The liberal-internationalist case for military intervention in Iraq has recently been hashed out at length -- and in all of its disconcertingly belated moral passion and geopolitical irrelevance -- by the contributors to A Matter of Principle: Humanitarian Arguments for War in Iraq, published last year by the University of California Press. The editor of that volume, Thomas Cushman, is a professor of sociology at Wellesley College, and a member of the editorial board of the online journal Democratiya -- as is Norman Geras, who drafted the Euston Manifesto.
Many of the contributions to the book and the journal are intelligently argued. They are worth the attention even -- and perhaps especially -- of someone opposed to the war. For a whole wing of the left, of course, to admit that one’s opponents might be capable of arguments (rather than rationalizations) is already a sign of apostasy. But I’ll take my chances. After all, you can only listen to Noam Chomsky blame every problem in the world on American corporations just so many times. It’s good to stretch your mental legs every so often, and go wandering off to see how people think on the other side of the barricades.

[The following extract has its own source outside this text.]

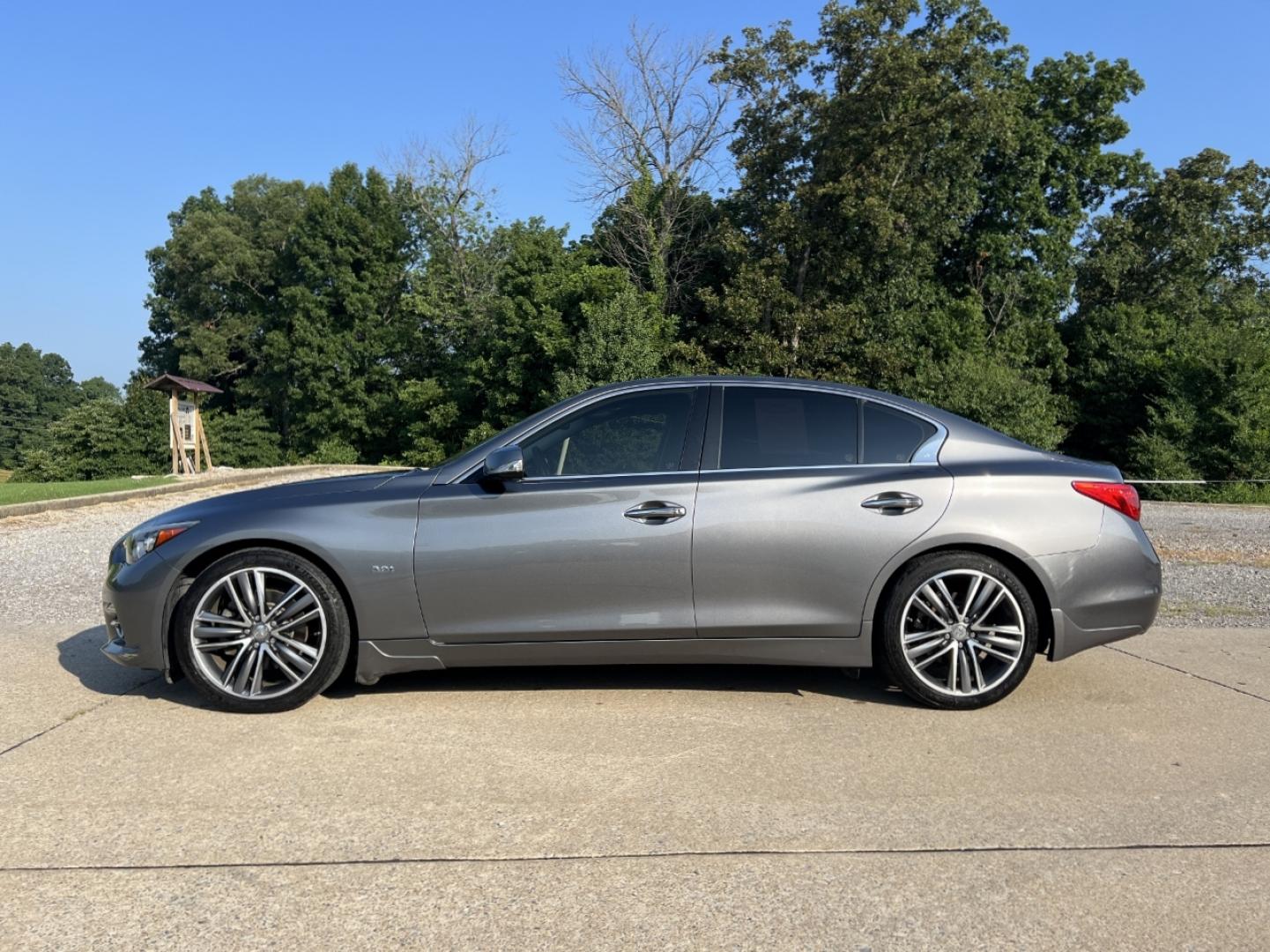 2017 GRAY /Black Leather Infiniti Q50 3.0t Premium (JN1EV7AP9HM) with an 3.0L V6 TURBO engine, Automatic transmission, located at 506 S. Kingshighway, Cape Girardeau, MO, 63703, (573) 235-5000, 37.294991, -89.553635 - 2017 Infiniti Q50 3.0T Premium 102xxx miles Rear Wheel Drive 3.0L V6 Automatic Leather Navigation Power/Heated Seats Backup Camera Sunroof Bluetooth Remote Start Cruise Power Windows/Locks/Mirrors We have financing available and we accept trades! Fill out a credit application on our we - Photo#8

That said, reading the Euston Manifesto has proven remarkably unrewarding -- even downright irritating. It is not a matter of profound disagreements. (I am, broadly speaking, in favor of pluralist and secular democracy, and against blowing people up for the glory of Allah.) But the Eustonians seem to be issuing blank moral checks for whatever excellent adventures George Bush and Tony Blair decide to undertake.
They call for supporting the reconstruction of Iraq “rather than picking through the rubble of the arguments over intervention.” The systematic campaign of disinformation and phony diplomacy engineered over the course of two years preceding the invasion, then, is to be forgotten. It’s hard to imagine a more explicit call for intellectual irresponsibility. Or, for that matter, a less adequate metaphorical image. Anyone upset by “the rubble of the arguments over intervention” is definitely facing the wrong crater.
The Eustonians seem also perfectly indifferent to the cumulative damage being done to the very fiber of democracy itself. This summer’s issue of Bookforum contains a few poems by Guantanamo Bay detainees -- part of a much larger body confiscated by the military. As a lawyer for the detainees notes, a poem containing the line “Forgive me, my dear wife” was immediately classified as an attempt to communicate with the outside.
It is hard to imagine that this sort of thing really advances the Global War on Terror, or whatever we’re calling it now. But it is not without consequences. It destroys what it pretends to protect.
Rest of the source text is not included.